A regra é, portanto, a notificação pessoal do proprietário do imóvel, a respeito da abertura do processo de tombamento, para que esta produza efeitos em relação ao mesmo, como apontou DPH/AJ. Contudo, como também colocado na manifestação anterior desta Procuradoria, não se pode perder de vista a finalidade da notificação, que é oportunizar a ciência, do munícipe, acerca da restrição sobre o seu imóvel, da mesma forma que é preciso considerar as dificuldades de notificação individualizada no caso de tombamentos que afetam inúmeros imóveis, casos em que pode haver algum temperamento em atenção ao princípio da razoabilidade.

Pois bem. No caso em análise, o proprietário demoliu a construção antes localizada no seu imóvel sem qualquer autorização. Depois, requereu autorização do CONPRESP para nova edificação no local. Durante a análise do processo, e após a expedição do comunique-se, iniciou a nova construção irregularmente, chegando a terminá-la e a locá-la à instituição financeira.

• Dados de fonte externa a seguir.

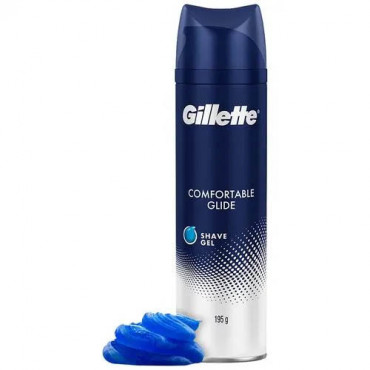 Gillette Comfortable Glide Shave Gel 195 g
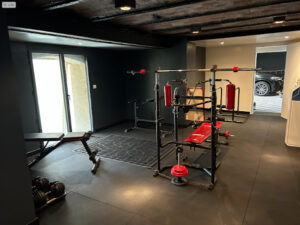 revetement home gym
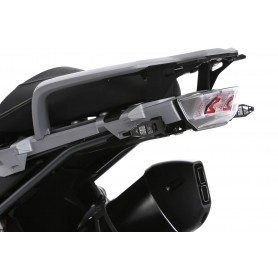 Wunderlich Signal bracket set for tail conversion - black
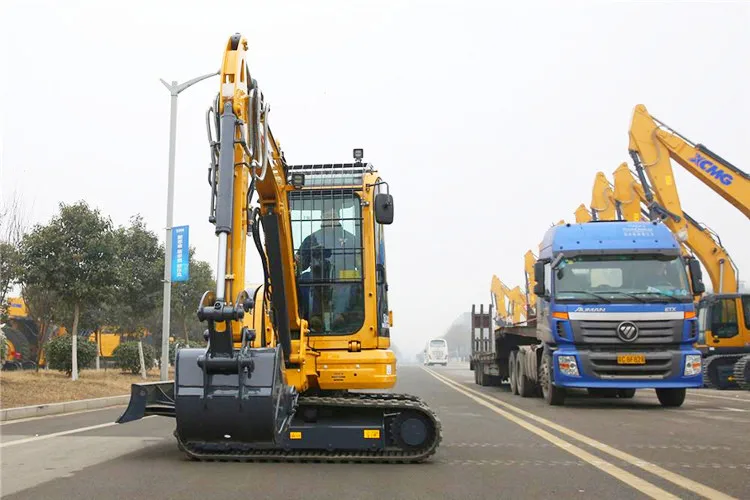 Маленький экскаватор XCMG тонны XE35E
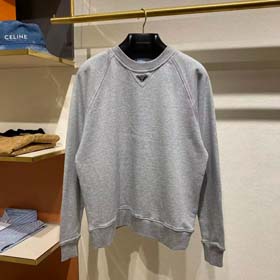 PRADA New Triangle Solid Color Round Neck Sweatshirt(12 styles)-2170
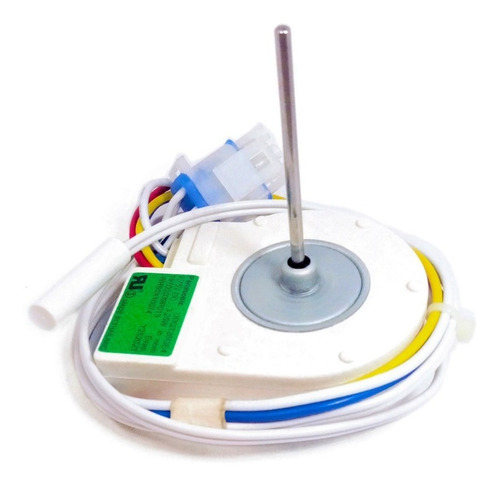 Imagen 2 de 7 de Micro Motor Ventilador De Nevera Ge Con Sensor Wr60x10074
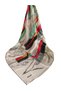 Silk K Crepe Satin Scarf 2026 Summer Season 9146701-371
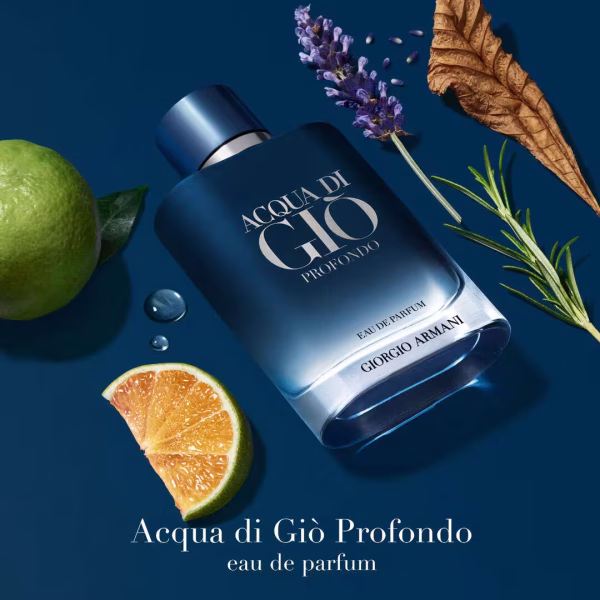 Giorgio Armani Acqua di Gio Profondo Eau de Parfum 125ml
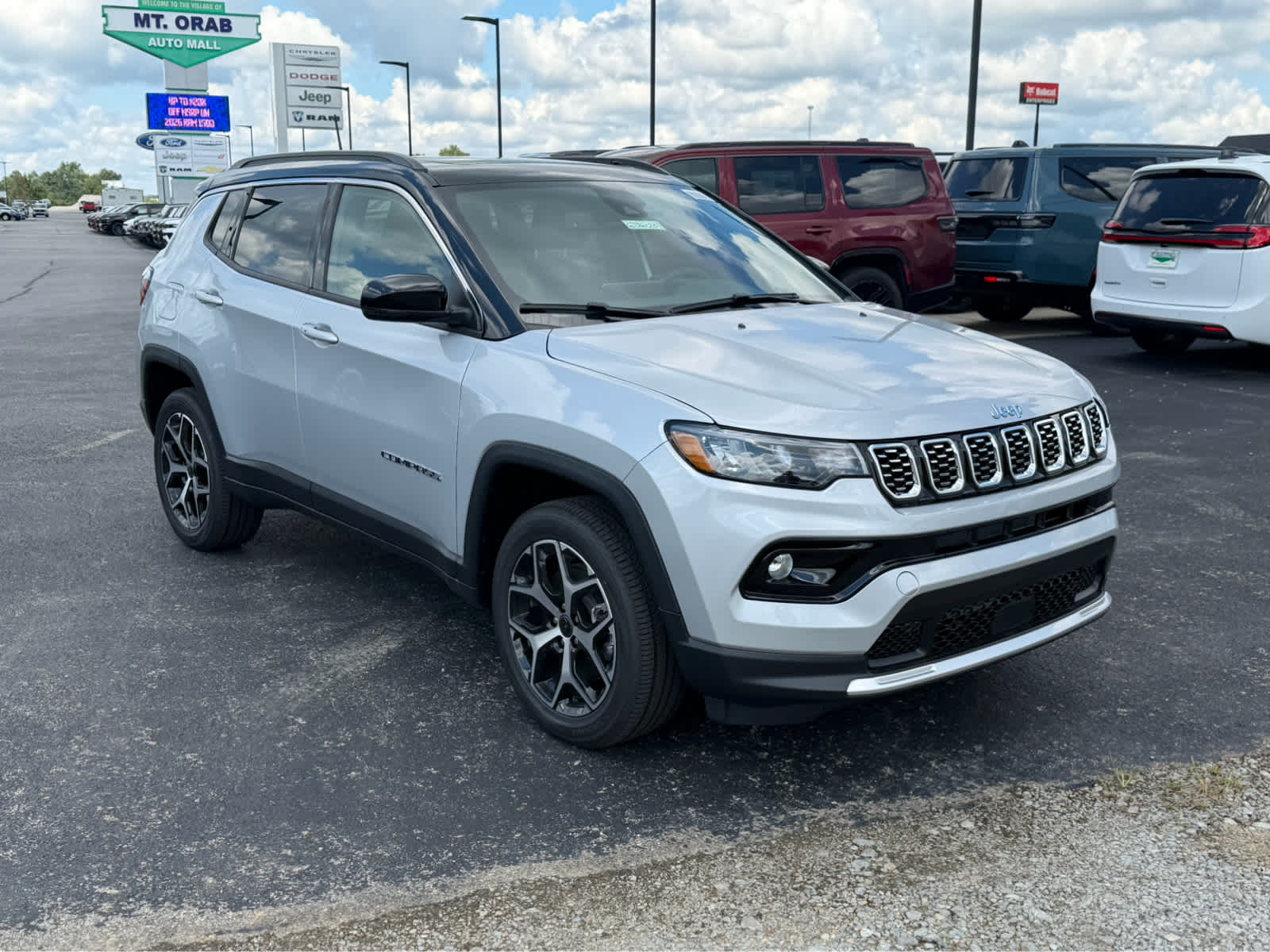 2026 Jeep Compass Limited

Ainda que pudesse haver dúvida quanto à ciência prévia ou não do proprietário acerca dos tombamentos quando da demolição da edificação, cremos que duas questões não podem passar desapercebidas. Primeiro, caso o proprietário tivesse agido regularmente e requerido, na Subprefeitura, o necessário alvará de demolição dos prédios então existentes, teria ficado ciente da restrição, eis que a Subprefeitura a apontaria. Ao agir irregularmente, demolindo o imóvel sem a devida consulta prévia à Subprefeitura, deve sofrer o ônus da ação irregular e as consequências da própria desídia - afinal, a ninguém é dado se beneficiar da própria torpeza. A própria conduta de não requerer o alvará de demolição, aliás, já indica a possível ciência da restrição, tendo resolvido, o proprietário, agir na surdina.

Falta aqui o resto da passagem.